Nomad and Rattles greeted us in the parking lot of their apartment building, followed by Ricky Bobby, recently flown in from Michigan to complete the section, and Radish who’d driven up from Bend to join the adventure. After working out a few travel logistics, we piled into a couple of cars and headed out, our voices betraying giddy excitement.
The year seemed to melt away as we fell back into the routine of the trail. It was awkward at first. Our packs were weighty, our ankles contorted, unaccustomed feet stumbling over stone and soil. But after an hour it felt like we’d never left. We moved quickly, stopping to bandage up hotspots and threatening blisters, tending to some pains and ignoring others. Complaining equally about the long climbs and the steep descents; the thickets of vines and thorny shrubs overgrowing the trail; the blow downs and loose rock; the mosquitos and bees and gnats and the thousands of insects for which we didn’t have names.
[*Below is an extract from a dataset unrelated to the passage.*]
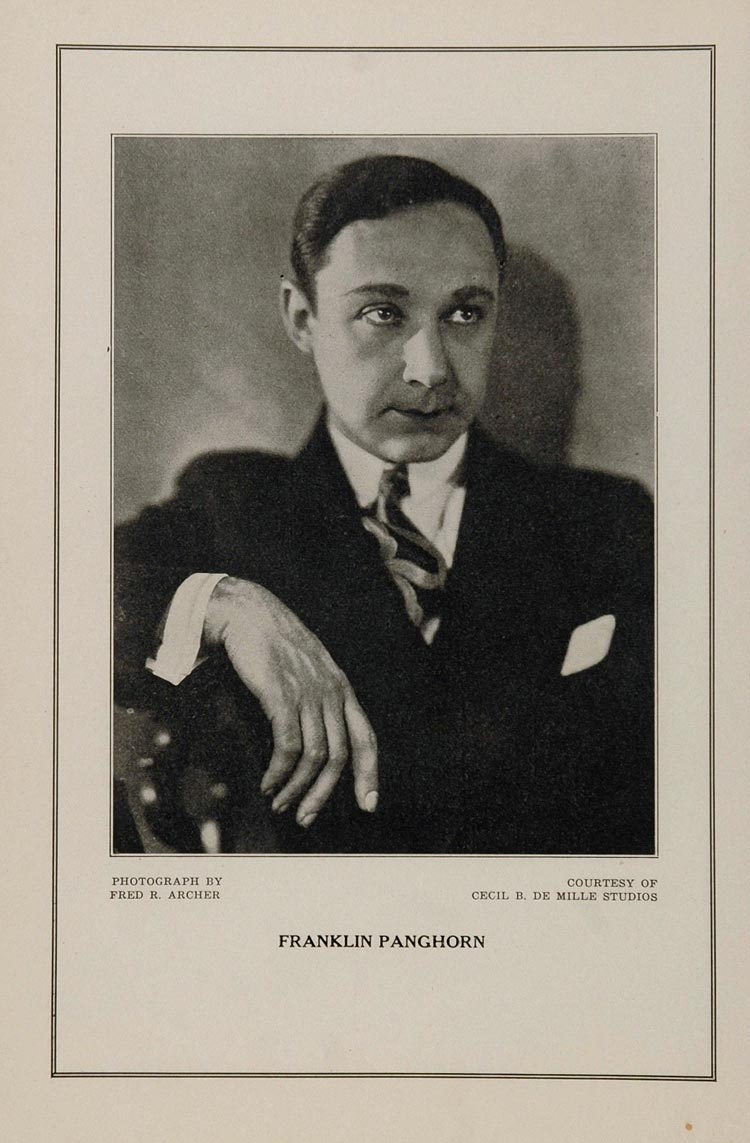 1927 Silent Film Star Franklin Panghorn De Mille Print - ORIGINAL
It was the happiest I’d been all summer. Even in those arduous afternoons when I had to remind myself that I signed up for this, I couldn’t help grinning like an idiot. Reintegrating into the “normal” world after my thru-hike proved difficult, and being back on the trail among friends to whom I didn’t have to explain myself was invigorating.
We rehashed our favorite trail memories as we rounded the majestic Glacier Peak, coveted one another’s snacks, and slowed down in the late afternoons to forage the almost-ripe huckleberries and salmonberries and wild blueberries. Our conversation quickly fell into the trail routine: how many miles are we going to hike today? Is everyone staying regular? How many pastries are you going to get at the bakery in Stehekin? How many feet of elevation?! I was thinking Ramen with peanut butter—what are you having for dinner?
We spoke about our more recent adventures, but how nothing quite added up to thru-hiking. About how we’d come to relish the nomadic lifestyle, even in its loneliness. Pushing our limits, physical and mental every day. Waking up on the shores of reflective alpine lakes and hitching into remote towns for pancakes and beer and cresting difficult passes only to be rewarded with another incredible vista. How special the ordinary things became—a clean load of laundry, a shower, a cold soda, an apple—we learned to savor the small pleasures.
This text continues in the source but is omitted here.